Material to process:

******

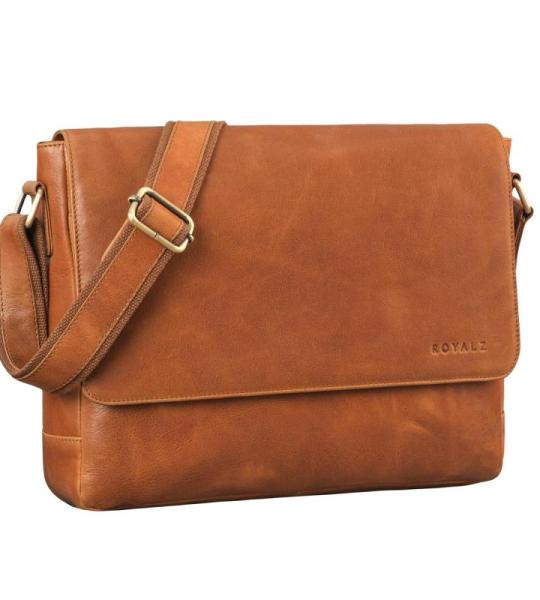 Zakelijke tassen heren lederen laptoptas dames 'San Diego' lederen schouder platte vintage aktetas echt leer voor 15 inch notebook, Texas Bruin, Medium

******

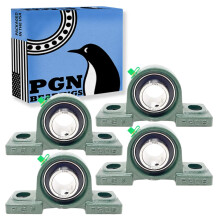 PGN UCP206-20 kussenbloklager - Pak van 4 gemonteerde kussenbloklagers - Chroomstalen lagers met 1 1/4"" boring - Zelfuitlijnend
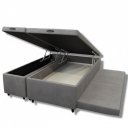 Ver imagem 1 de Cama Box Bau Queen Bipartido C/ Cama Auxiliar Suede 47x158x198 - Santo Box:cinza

******

Problem details: Output only the lines above from the line that holds "PGN UCP206-20 kussenbloklager" through the line that holds "Ver imagem 1", both ends included, and exclude pictures.

Reply:
 PGN UCP206-20 kussenbloklager - Pak van 4 gemonteerde kussenbloklagers - Chroomstalen lagers met 1 1/4"" boring - Zelfuitlijnend
 Ver imagem 1 de Cama Box Bau Queen Bipartido C/ Cama Auxiliar Suede 47x158x198 - Santo Box:cinza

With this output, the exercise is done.